In answer to her questions, Sylvia confirmed what Fellows had said: that Mrs. Palmer had been Hart’s mistress and he’d bought her the house in High Holborn. “She met him when he was still at university, and her already long in the tooth,” Sylvia said. “Didn’t no one love a young man like Angelina Palmer loved him. She’d do anything for him, piss in her own shoes if he asked her to.” “But he sold her the house later,” Beth said. “I had the idea she was no longer his mistress after that.” “Oh, he gave her the push, all right, and she turned her hand to being a businesswoman, if you take my meaning. It weren’t a bad place when I was there, but me and Mrs. Palmer never rubbed on well. I left as soon as I found better prospects.” She glanced fondly at her diamond rings. “Then it truly is over between them,” Beth said. “It might have been for his part, but never hers. The duke started being high-and-mighty, hobnobbing with the queen. He’d need a young and beautiful lady, not some old biddy he had since he were twenty. I’d have been angry as anything, but Ma Palmer was most understanding. Went on loving him to pieces, though her heart was broke. If we ever said a word against the duke, we got our ears boxed.”
Beth stared thoughtfully at the iron railings of the staircase.
“You say she’d do anything for the duke?”
“Course she would. She’s like a dewy-eyed schoolgirl with him, for all she’s fifty if she’s a day.”
Beth’s thoughts whirled. Could Mrs. Palmer have discovered that Sally wanted to blackmail Hart? Had the madam decided to shut Sally’s mouth permanently? But in that case, why not wait until Ian had gone home and no Mackenzie could be implicated? Or did she not care who swung for the crime, as long as it wasn’t Hart? She itched to find the woman and question her.
“When did you work in the house, Sylvia?”
“Oh, ‘bout six, maybe seven years ago.”
“Did you know Sally Tate?”
“That bitch? Not surprised she got herself murdered.”
“You were there at the time of the murder?” “No, I’d moved on by then. But I heard all about it. Sally had it coming, missus. She strung men along right enough, but she hated ‘em. She could charm all kinds of money out of ‘em. She and Ma Palmer had dustups all the time because Sally didn’t want to share the takings. She had her own lady love, kept talking about the two of ‘em taking a castle in the sky together and living happily ever after.” Katie glared in outrage. “That’s disgusting. M’lady, you shouldn’t be out here listening to such talk.” Sylvia shrugged. “Well, they get tired of men pawing at ‘em, don’t they? Some do, anyway. Not me, I like a handsome gentleman.”
“Never mind that,” Beth said impatiently. “Who was Sally Tate’s lady love? Did you know her?” “It was one of the other girls what lived there. They used to lock themselves in an upstairs bedroom and bill and coo. Sally always vowed she’d take the girl to a cottage somewhere and they’d raise roses and some nonsense. Not bloody likely, was it? Catch any respectable folk in a village letting a house to a couple of hermaphrodites what used to be whores.” Sylvia tapped her lip. “Now, what was her name? Oh, I’ve got it.
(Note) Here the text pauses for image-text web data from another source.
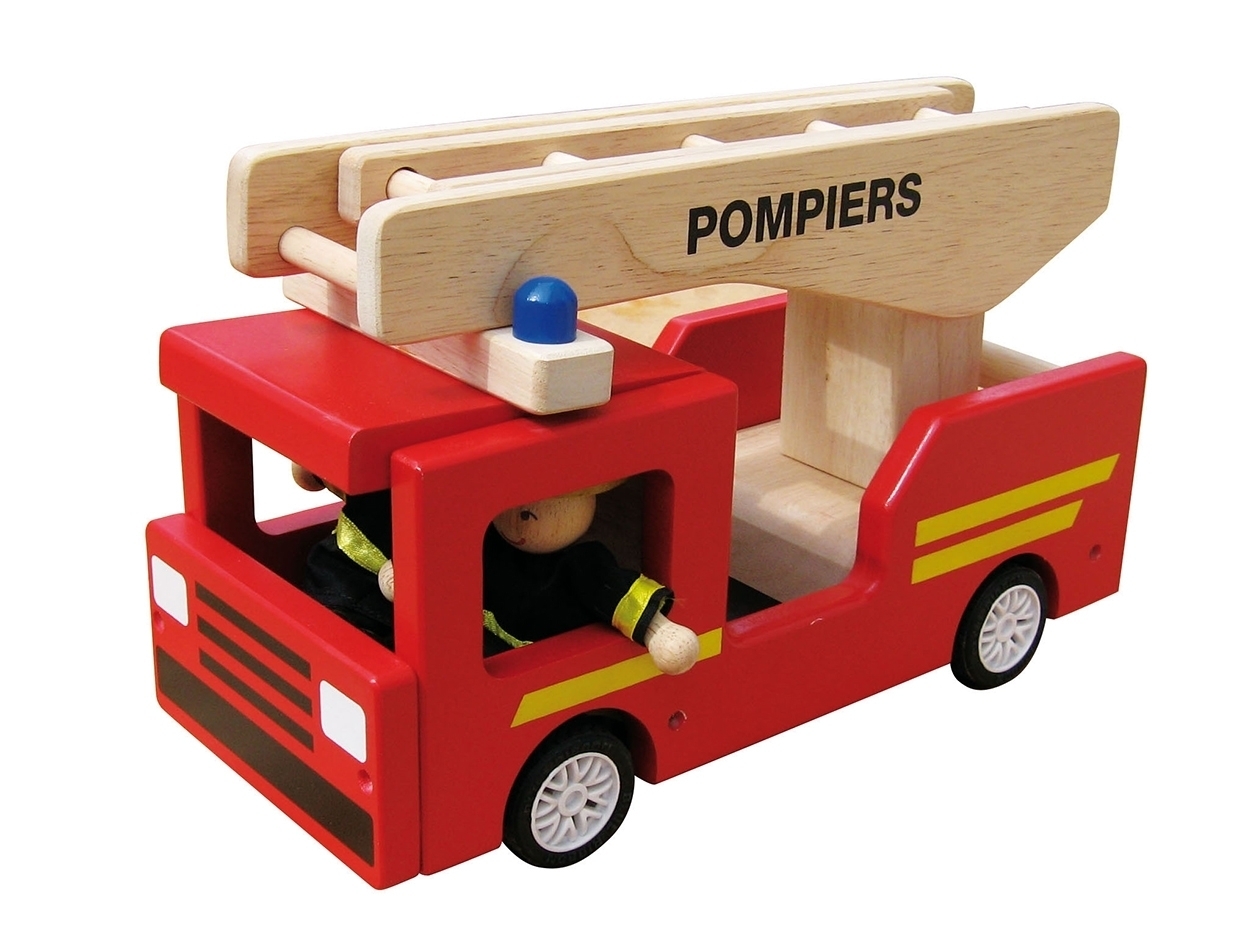 camion-pompiers-2-personnages-echelle-bass-bass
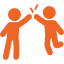 Holistic-Psychology-Event-seminars-and-workshops-icon-7.png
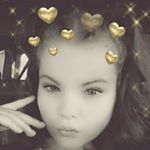 Profile Picture of Lacey Edwards (@lacey.edwards.528) on Instagram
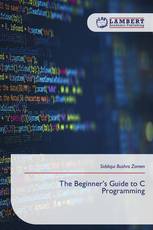 The Beginner’s Guide to C Programming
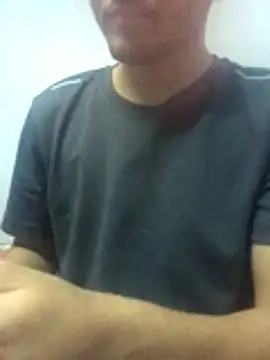 Snapshot of Arabian-B chatting on November 16, 2025, 4:45 pm Arabian-B online show from November 16, 2025, 4:45 pm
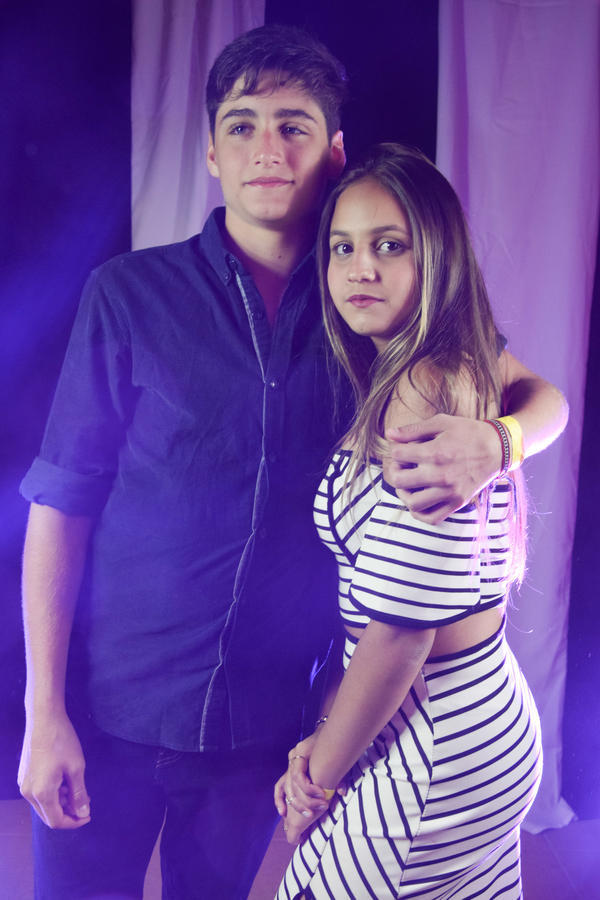 Buy your photos of the eventNR Sun - 06 a 10/09/17 on Fotop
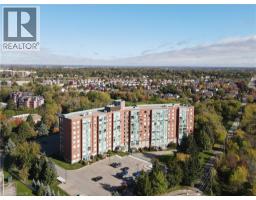 55 Blue Springs Drive Unit# Ph, Waterloo, ON N2J4T3 Photo 50
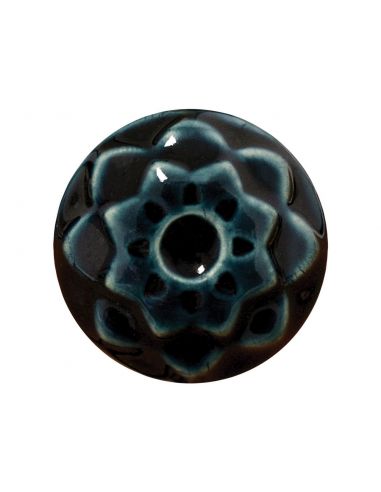 Émail grès C-27 Storm | AMACO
Lily. ‘Cause Sally was always saying they’d have lilies in the pond on account of her. They were both daft.”
“Lily Martin?” Beth asked, her voice sharp.
“That were it. Lily Martin. Now, what about me money, m’lady? I come a long way, it’s damp out here, and this silk will be all ruined.”
Ian woke when the little clock on the dresser struck ten. He stretched, his body warm and pliant, and he rolled over to wrap his arms around Beth.
He found an empty bed.’
He opened his eyes in disappointment. But perhaps she’d gone down for something to eat. She’d be hungry. Ian rubbed his hand over his face, trying to stave off the memories of their argument. He’d told her things he’d never meant to tell her, things he hadn’t wanted her to know about himself and his monstrous family. But he’d at least made her understand.